Meriam itu tidak saja berada di depan pintu gerbang keraton. Meriam berwarna kuning juga berada tepat di depan keraton. Meriam kuno yang sebagiannya sudah karatan itu menghadap ke atas. Terlihat moncongnya yang siap memuntahkan pelurunya. Konon, meriam itu buatan Portugis dan Perancis. Setidaknya, di sekitar keraton ini ada kurang lebih tiga belas meriam.
Bentuk keraton ini terbilang unik. Sangat kental nuansa klasiknya. Arsitekturalnya bernuansa lokal. Belum tersentuh gaya asing. Bagian depan keraton ini berupa bangunan tingkat. Ada tulisan Muhammad dengan huruf Arab serta gambar bintang dan bulan sabit. Sedangkan di bagian atasnya terdapat tulisan dengan bahasa Arab melayu: “Istana Kadriyah.”
Keraton Kadiriyah terbuat dari kayu belian yang kokoh. Karena itu, meski usianya sudah ratusan tahun, tapi masih kuat. Hanya terlihat beberapa bagiannya yang mulai rapuh dan catnya yang mulai pudar. Kendati demikian, hal itu tidak mengurangi keelokan keraton tua ini.
Hidayatullah.com pun disambut Syarifah, salah satu penghuni keraton ini ketika hendak masuk dan mengetahui lebih detil isinya.

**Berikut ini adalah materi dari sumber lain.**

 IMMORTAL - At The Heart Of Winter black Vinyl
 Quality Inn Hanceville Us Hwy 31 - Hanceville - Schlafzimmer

Katanya, ia masih memiliki hubungan darah atau cucu dari Shultan ke enam keraton tersebut. Dan, yang boleh tinggal di dalam keraton adalah yang memiliki garis keturunan dengan Shultan. Keraton sendiri kata Syarifah sangat berjasa terhadap perkembangan Islam di bumi Pontianak.
“Perjuangan para Shultan sungguh sangat luar biasa. Mereka tidak saja melawan penjajah tapi juga hantu yang paling menakutkan,” tuturnya.
Dalam melawan penjajah itu, katanya, banyak keluarga keraton yang terbunuh. Syarifah masih sangat ingat, ketika masih kecil, ia melihat beberapa saudaranya yang meninggal dibunuh penjajah. Ia sendiri ketika itu lolos karena diselamatkan oleh salah seorang saudaranya.
“Ketika itu banyak keluarga saya yang mati dibunuh, ditembak oleh penjajah Jepang. Benar-benar tragis,” katanya.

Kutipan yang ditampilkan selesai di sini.